Friday, November 23, 2007

"MIT Solar Community Social III" set for Dec 13, 6-8PM, Muddy Charles Pub....

The MIT Energy Club will be organizing its 3rd "MIT Solar Community Social" of the year on Thurs Dec 13, 6-8PM at the Muddy Charles Pub at MIT.

The last two socials(I and II) brought out an amazing diversity of MIT/Boston area solar technologists, entrepreneurs, and policy makers. The upcoming promises to be even better.

Solar activity in the MIT/Boston/New England sphere has been growing like crazy, with MIT recently receiving ~$2M in PV research grants from the DOE, MIT competing in the Solar Decathlon for the first time, and a number of interesting solar startups being created in the region over the last 1-2 years.

Come meet other people working in solar to chat and share ideas. Food will be provided courtesy of the MIT Energy Club.

MIT Professor Tonio Buonassisi and recent MIT PhD alum and MIT Energy Club founder David Danielson will co-host this event.

Contact David Danielson, dtdaniel, with any inquiries.

Looking forward to seeing everyone!

Monday, November 12, 2007

MIT wins $1.8M in PV research grants from DOE Solar Energy Technologies Program....

More evidence recently of the nascent stages of the emergence of a PV research community to be reckoned with at MIT.

MIT recently won 2 large research grants from the Department of Energy's Solar Energy Technologies program totalling $1.8M. GREAT STUFF!! (If you're smart, you should be able to figure out who got them from the press release linked above.)

This was part of $21.7M distributed to 25 research projects in next generation PV by the DOE's Solar America Initiative. It is great to see Craig Cornelius, the new head of the DOE EERE Solar Energy Technologies program, implementing a much more dynamic funding strategy than we have seen in U.S. federal solar funding in the past! Craig had the chance to see all that MIT has to offer when he attended the MIT Energy Club's "MIT EnergyNight" last month.

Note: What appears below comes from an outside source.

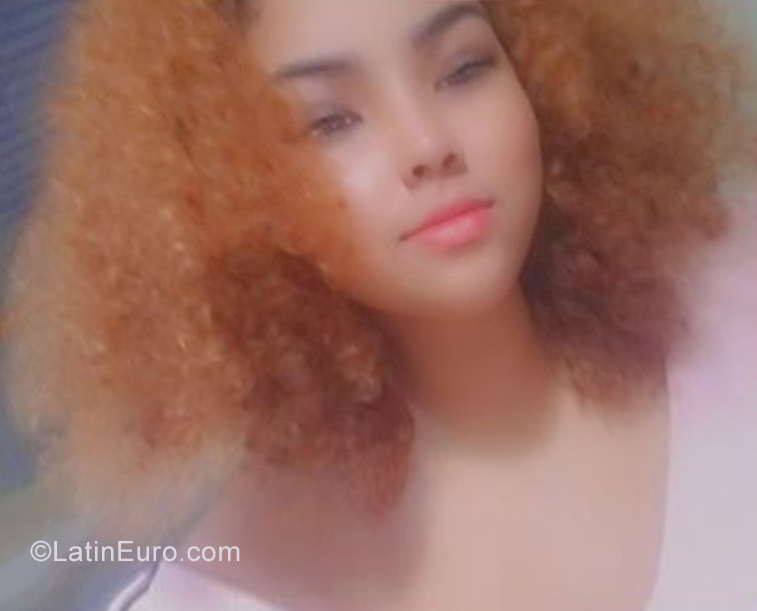 Date this passionate Dominican Republic girl Yerelin from La Vega DO39082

Let's once again be sure to calibrate ourselves about what this means in terms of research output. For a project with a reasonable experimental/capital expenditure component, I would estimate that a PhD student costs ~$200K-$300K/year (~$100K just to have the student there - stipend/tuition/overhead + $100-$200K more for research costs).

So a rough estimate tells us that these grants will support 6-9 PhD student research-years or 3-4.5 PhD student research-years per project.

A great start to hopefully a lot more PV research funding coming into MIT!

Congratulations, Marcie Black and Bandgap Engineering!

Congratulations to Marcie Black and Bandgap Engineering, who received an "Outstanding Presentation Award" at the NREL Industry Growth Forum!